Saved entries
═══
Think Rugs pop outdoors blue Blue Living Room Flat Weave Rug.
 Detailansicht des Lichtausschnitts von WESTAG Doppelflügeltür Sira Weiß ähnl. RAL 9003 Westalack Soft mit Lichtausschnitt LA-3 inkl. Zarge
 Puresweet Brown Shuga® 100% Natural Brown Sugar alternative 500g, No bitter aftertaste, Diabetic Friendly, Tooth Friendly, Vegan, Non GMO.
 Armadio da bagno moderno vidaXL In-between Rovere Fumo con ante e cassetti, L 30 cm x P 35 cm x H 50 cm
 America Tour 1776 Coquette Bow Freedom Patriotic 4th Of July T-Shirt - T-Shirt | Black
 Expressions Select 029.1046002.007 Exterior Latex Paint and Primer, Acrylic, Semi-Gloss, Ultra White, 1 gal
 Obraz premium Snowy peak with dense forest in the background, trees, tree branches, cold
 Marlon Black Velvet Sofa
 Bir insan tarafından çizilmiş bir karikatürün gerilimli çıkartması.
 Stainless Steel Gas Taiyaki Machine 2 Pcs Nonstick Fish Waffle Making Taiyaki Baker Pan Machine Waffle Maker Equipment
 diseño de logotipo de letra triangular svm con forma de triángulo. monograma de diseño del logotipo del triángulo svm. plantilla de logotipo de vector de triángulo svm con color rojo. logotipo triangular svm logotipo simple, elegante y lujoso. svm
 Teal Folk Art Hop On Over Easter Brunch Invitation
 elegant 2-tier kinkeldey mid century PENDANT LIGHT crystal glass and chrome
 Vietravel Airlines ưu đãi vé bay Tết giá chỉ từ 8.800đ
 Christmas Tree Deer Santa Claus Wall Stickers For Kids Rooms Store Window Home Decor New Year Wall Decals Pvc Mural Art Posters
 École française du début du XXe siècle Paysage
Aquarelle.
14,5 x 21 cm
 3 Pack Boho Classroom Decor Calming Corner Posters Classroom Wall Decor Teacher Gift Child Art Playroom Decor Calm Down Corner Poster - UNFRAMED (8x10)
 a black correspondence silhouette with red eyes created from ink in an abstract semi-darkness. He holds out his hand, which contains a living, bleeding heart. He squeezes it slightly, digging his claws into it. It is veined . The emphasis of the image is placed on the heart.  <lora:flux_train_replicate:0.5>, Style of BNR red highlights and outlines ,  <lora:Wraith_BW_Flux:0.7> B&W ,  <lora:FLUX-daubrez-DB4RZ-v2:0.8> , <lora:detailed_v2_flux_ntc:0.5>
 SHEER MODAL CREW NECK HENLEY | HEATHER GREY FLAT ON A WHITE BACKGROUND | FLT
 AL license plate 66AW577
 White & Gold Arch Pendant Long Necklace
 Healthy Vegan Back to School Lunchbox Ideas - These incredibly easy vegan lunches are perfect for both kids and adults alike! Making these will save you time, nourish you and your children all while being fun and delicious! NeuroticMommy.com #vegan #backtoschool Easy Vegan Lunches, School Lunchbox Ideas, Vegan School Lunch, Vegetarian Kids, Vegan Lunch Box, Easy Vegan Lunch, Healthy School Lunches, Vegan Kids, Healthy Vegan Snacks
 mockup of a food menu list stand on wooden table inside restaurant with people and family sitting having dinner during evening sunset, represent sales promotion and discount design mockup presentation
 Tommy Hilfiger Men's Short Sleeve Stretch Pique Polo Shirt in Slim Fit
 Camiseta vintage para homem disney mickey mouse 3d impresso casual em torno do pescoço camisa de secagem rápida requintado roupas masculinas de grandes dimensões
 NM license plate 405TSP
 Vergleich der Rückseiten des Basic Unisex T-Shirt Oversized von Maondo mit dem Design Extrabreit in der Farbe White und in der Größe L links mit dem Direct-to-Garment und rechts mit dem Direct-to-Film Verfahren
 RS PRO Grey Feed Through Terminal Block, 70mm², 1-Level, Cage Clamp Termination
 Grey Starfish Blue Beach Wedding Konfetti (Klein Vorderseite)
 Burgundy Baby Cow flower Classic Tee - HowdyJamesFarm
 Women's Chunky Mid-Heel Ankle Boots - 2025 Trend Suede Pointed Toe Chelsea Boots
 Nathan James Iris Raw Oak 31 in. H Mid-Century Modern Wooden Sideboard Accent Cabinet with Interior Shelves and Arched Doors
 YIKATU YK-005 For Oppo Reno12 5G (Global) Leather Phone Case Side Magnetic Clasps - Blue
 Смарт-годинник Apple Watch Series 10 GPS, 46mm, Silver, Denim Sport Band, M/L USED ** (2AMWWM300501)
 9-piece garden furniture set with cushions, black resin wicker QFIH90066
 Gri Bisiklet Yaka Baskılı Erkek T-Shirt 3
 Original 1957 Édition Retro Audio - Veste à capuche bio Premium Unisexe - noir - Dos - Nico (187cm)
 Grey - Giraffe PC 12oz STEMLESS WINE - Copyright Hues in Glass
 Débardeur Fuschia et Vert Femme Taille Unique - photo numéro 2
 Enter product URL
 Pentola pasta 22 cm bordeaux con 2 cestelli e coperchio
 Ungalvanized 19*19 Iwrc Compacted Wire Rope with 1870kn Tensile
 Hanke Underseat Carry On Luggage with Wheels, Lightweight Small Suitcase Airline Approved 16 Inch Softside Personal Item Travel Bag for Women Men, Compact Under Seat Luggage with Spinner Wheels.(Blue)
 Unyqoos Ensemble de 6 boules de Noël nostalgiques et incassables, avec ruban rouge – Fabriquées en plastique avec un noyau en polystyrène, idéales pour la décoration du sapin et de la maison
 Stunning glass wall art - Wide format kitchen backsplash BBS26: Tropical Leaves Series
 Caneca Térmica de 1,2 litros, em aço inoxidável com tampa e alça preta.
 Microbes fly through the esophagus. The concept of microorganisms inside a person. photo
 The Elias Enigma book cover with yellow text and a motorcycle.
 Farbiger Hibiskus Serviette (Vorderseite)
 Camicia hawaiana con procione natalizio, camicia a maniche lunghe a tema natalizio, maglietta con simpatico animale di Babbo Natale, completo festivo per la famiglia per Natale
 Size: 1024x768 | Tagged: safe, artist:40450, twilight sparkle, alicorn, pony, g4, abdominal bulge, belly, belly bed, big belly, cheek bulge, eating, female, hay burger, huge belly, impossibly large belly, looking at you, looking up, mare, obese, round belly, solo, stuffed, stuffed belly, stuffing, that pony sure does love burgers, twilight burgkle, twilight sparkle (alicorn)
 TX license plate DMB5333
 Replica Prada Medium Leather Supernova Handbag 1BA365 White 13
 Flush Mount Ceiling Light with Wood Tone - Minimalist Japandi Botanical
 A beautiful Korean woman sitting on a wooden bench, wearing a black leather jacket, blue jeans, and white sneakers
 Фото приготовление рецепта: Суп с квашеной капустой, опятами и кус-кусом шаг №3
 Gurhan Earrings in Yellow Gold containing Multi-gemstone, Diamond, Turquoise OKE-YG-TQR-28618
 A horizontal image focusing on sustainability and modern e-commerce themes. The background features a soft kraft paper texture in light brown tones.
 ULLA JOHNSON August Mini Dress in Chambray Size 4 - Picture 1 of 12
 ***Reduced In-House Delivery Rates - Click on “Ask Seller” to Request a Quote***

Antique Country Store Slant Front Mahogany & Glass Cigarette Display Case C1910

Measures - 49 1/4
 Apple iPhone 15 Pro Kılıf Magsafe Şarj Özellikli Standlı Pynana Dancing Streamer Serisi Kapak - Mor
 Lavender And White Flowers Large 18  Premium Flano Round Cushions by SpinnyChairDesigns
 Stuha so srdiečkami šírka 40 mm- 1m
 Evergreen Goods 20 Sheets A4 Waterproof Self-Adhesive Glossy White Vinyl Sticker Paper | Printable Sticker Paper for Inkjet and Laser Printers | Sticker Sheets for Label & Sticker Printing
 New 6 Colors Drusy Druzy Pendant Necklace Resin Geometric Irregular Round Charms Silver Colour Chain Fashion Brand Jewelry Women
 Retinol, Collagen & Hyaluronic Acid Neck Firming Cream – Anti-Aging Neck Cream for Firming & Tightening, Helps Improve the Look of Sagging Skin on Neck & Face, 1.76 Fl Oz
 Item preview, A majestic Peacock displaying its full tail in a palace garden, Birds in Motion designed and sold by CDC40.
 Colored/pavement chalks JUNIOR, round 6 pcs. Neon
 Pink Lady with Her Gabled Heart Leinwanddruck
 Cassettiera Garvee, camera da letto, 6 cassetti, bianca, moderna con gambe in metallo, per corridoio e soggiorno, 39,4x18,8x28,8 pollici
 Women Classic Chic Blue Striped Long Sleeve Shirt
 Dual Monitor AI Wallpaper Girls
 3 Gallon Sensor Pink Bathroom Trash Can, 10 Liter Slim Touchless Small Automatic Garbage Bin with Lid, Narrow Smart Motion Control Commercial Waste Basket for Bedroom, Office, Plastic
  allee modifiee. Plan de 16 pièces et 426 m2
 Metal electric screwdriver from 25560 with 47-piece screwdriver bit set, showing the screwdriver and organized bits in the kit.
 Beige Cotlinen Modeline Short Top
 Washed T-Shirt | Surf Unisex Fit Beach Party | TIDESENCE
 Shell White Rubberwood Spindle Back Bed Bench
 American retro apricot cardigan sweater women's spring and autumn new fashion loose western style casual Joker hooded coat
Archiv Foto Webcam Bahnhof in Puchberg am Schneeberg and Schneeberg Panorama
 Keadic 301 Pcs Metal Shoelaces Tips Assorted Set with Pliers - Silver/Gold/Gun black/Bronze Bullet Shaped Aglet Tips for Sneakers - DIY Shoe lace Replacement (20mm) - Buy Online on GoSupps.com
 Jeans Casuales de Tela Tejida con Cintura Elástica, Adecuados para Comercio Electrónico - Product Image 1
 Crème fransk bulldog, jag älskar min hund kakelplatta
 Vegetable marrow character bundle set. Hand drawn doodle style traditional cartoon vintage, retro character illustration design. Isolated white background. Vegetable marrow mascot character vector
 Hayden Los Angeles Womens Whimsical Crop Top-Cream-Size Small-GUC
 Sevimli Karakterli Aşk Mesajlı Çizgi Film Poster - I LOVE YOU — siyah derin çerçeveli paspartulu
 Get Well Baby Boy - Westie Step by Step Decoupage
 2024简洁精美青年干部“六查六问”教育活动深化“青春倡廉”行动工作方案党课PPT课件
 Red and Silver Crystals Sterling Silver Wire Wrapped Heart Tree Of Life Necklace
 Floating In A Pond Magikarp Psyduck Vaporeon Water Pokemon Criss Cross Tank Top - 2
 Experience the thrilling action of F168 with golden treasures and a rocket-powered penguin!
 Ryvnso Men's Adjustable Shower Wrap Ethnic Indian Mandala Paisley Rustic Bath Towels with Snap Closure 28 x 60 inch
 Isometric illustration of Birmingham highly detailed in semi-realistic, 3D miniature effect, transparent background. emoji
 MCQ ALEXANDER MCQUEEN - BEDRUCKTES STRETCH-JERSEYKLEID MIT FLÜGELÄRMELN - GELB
═══
* _WHAT YOU ARE ASKED TO DO_
In the data above, retype exactly and only the lines between the one holding "Colored/pavement chalks JUNIOR, round" and the one holding "Cassettiera Garvee, camera", inclusive.

* _WRITTEN SOLUTION_
 Colored/pavement chalks JUNIOR, round 6 pcs. Neon
 Pink Lady with Her Gabled Heart Leinwanddruck
 Cassettiera Garvee, camera da letto, 6 cassetti, bianca, moderna con gambe in metallo, per corridoio e soggiorno, 39,4x18,8x28,8 pollici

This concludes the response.